また、コンッと小さな音がする。私は何が起きてるのか気になり窓から外の様子を見ることにした。
東の窓にかけられたカーテンを開くと、眩しかった。早朝の太陽ってこんなに輝いてたんだ。ぼやけた視界で、下を覗くと、マイが小石を掴んで手を振ってる姿が見えた。
「えっ、マイっ?」
マイは顔が赤くなっている。昨日一晩中ユウキの事で泣いたのかもしれない。
マイはいつもは堂々としてるようで実は精神的に弱いとこがある。人前で弱いとこを見せないようにしてるだけ。それは綺麗に研いだ刃物のような性格で、硬いものに当たれば簡単に欠けてしまうような繊細な性格。そんなことを思っていたら。
「早くあけてくれ! 朝から二人で作戦練れば、今日中に終わるだろ。ユウキの助けなんていらないから私たちだけでいくぞ」
私が窓を開けるとマイは助走をつけて、大きくジャンプする。2階の屋根まで大きく飛び上がり部屋の中に突入してきた。
こらこら、土足禁止だよ家は。とも思ったけど、マイだから何となく許してしまう。
「お待たせー! 待たせて悪かったな」
「マイッ、待ってないし。それより早すぎるし。何時だと思ってるの? 寝起きなんだから髪もボサボサになってるし、勘弁してよね」
「私振られたのか?」
突然、マイは目に涙を溜めるとボソリと言いながら私を見つめる。そしてだらりと力無く腕を垂らしている。
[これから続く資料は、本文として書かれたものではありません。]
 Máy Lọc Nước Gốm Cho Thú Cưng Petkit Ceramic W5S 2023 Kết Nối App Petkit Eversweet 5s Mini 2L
こんな弱気なマイ見たことない。
マイは本気でユウキのことが好きらしい。でもユウキの気持ちがよく分からないから何か言って欲しいのかもしれない。
「振られてもないし、大体マイ、告白してもないよね?」
「まあね」
「いつもなら積極的に動いてるのに肝心な時になると自分のことはダメなんだね?」
「それ言われると傷付くんだけど」
「これだけ伝えとくね。ユウキはあなたのことが好きみたい。でも人助けもしたいんだって」
私は言葉を濁して伝えるしかなかった。どこまで話していいのか分からないからだ。
「そう。わかったわ」
ユウキがマイのこと思ってる気持ちがあるって知ったのが嬉しかったのか、マイは「ふうーっ」と言いながら、大きく伸びをした。表情の陰りが取れ、パッと少し明るくなったようなそして、照れくさそうに笑い始めた。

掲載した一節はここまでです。